Michigan’s Long, Winding Road to Legal Sports Betting

Ever since the U.S. Supreme Court ruled the federal ban on sports betting unconstitutional, sports betting has been expanding across the country. While no state had a longer road to legalization than New Jersey, Michigan’s sports betting saga is particularly noteworthy. It took Michigan four years and two governors to finally legalize sports betting.

And it all started with one representative from Michigan’s 61st district.
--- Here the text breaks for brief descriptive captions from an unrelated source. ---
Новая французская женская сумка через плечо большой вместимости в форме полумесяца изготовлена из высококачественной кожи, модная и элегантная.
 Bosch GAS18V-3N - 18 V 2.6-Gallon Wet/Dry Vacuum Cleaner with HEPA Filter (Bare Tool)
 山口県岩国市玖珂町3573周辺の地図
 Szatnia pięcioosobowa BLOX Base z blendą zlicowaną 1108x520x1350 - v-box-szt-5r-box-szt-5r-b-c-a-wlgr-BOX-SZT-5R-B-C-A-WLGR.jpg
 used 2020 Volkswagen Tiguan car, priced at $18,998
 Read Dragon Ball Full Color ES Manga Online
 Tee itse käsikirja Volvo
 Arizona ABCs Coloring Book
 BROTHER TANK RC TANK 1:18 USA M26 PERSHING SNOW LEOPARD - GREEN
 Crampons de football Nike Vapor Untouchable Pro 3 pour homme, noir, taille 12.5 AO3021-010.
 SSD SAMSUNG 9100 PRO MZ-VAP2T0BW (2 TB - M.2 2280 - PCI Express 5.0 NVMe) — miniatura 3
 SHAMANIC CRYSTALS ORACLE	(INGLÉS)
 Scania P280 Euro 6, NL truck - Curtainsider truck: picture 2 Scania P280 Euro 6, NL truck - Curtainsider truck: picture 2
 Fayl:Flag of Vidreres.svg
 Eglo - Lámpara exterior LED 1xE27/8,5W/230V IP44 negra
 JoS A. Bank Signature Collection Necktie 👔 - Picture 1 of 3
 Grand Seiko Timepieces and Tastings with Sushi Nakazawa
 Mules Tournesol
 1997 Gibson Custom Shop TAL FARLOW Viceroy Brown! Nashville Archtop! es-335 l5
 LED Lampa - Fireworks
The Man Who Sponsored Most Of Michigan’s Recent Gaming Bills

Brandt Iden was voted into the Michigan state legislature as a Republican in 2014. He ran on a campaign that, in part, emphasized job creation and a competitive business sector for Michigan. His legislative impact was small from 2015 to 2016. But in 2017, Iden began to leave his mark on the governing body.

On March 17, 2017, Iden sponsored a house resolution to make that month Problem Gambling Awareness Month in Michigan. Michigan’s House of Representatives adopted it that same day, marking Iden as an early proponent of safe gaming in Michigan.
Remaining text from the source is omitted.